Thursday, October 01, 2009


China at Sixty

By Bernie Quigley

- for The Hill on 10/1/09

In the early 1920s, the French writer Andre Malraux wrote that the question of the century will be how will the Chinese adapt to individualism? That question may still be unanswered as China reaches the 60th birthday of Mao’s revolutionary turning.

That was long ago; before Jet Li and Ziyi Zhang, before Nixon and Kissinger. But the symbols and images chosen for the celebration, including 5,000 goose-stepping soldiers who rehearsed for five months, recall the Soviet style in the age of Stalin.

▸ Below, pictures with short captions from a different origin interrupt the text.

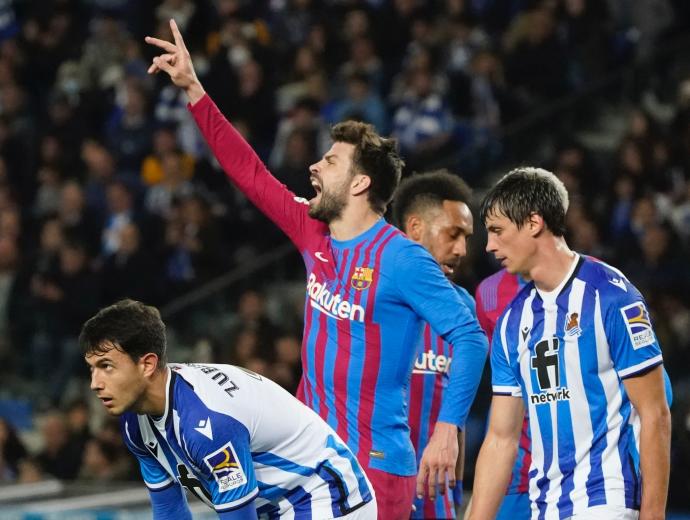 Piqué en un lance del partido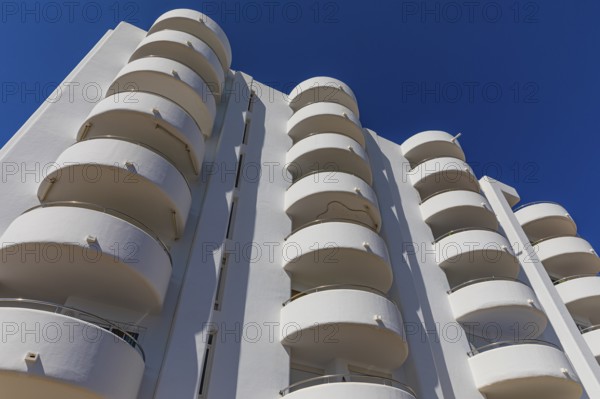 Modern holiday flats with round balconies at the harbour of Santa Eularia, Ibiza, Balearic Islands, Mediterranean Sea, Spain, Europe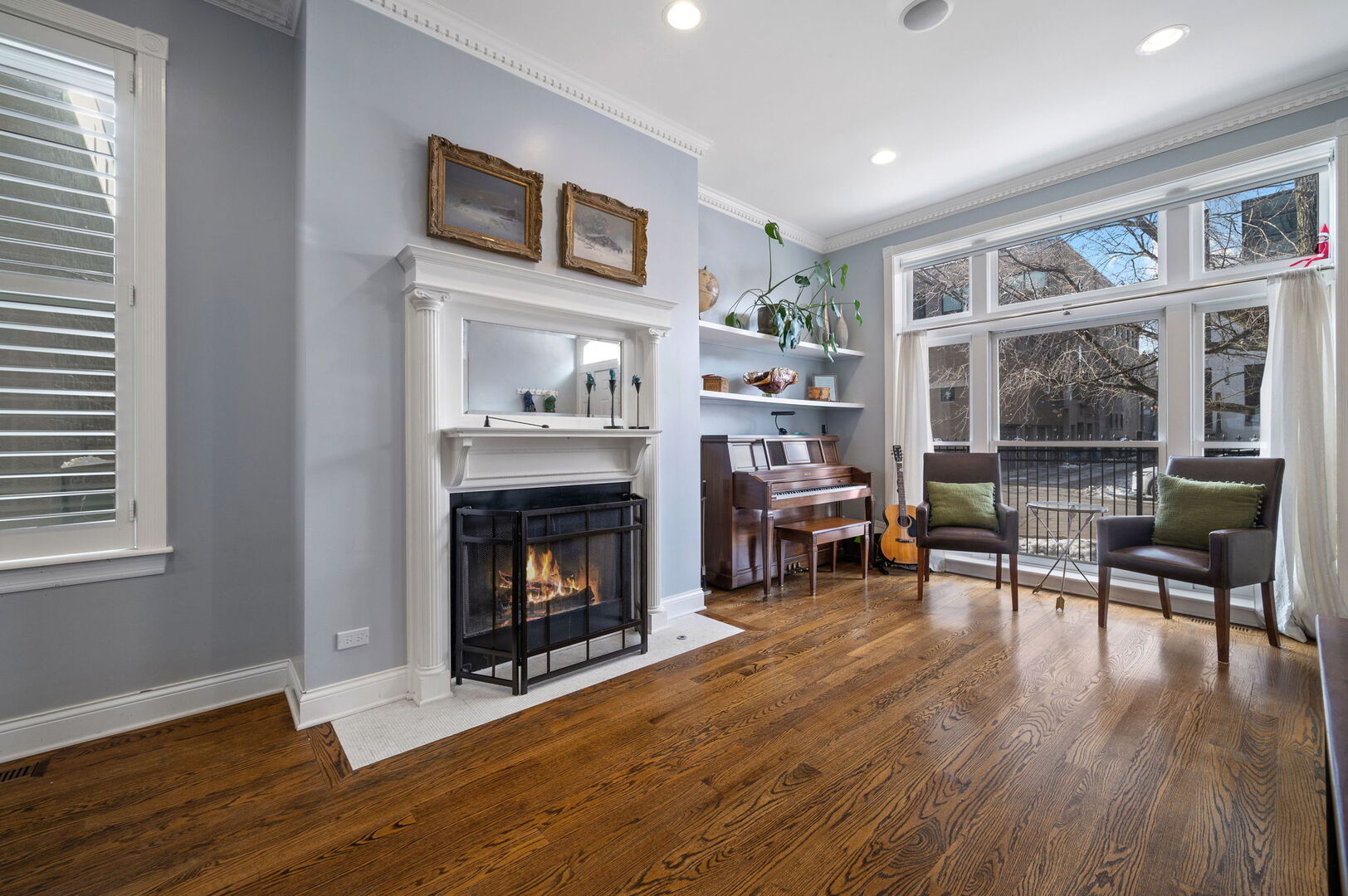 1213 North Paulina Street Chicago, IL 60622 - Photo 3 of 40 a living room with furniture and a fireplace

“I wonder what Chinese leaders are thinking?” Said Minxin Pei, a professor of government at Claremont McKenna College in California said to Charles Hutzler of the Associated Press. “For more than 15 years they have been denouncing those who call China’s rise a threat. Now they put on this display of military hardware, with goose-stepping soldiers to match. Aren’t they confirming the China Threat?”

Sixty is an auspicious number that plays well with Chinese. It traditionally represents the full life of a person. To the sage Tao tradition of 5,000 plus years, 60 also brings the end of a civilization’s full life cycle; three generations – 20 years apiece, after which comes decline, death and hopefully rebirth. The three generations can clearly be delineated on this occasion: The Mao Revolution and the Long March, followed by the Cultural Revolution and then the Deng Xiaoping transition to command capitalism and “Socialism with Chinese characteristics.”

My own hunch is that after it settles some historic business, China will begin to look inward if it can inculcate growth internally through infrastructure spending. But the Generalissimo Franco-ish posture of militant nostalgia will also advance.

Because China can see ahead in strength. She can see that she has conquered the Barbarian. But she still has one problem: She has not conquered herself. That is why a singular, quiet and joyful monk living peacefully in exile in Dharamsala, India, can drive the Chinese leadership to seizures.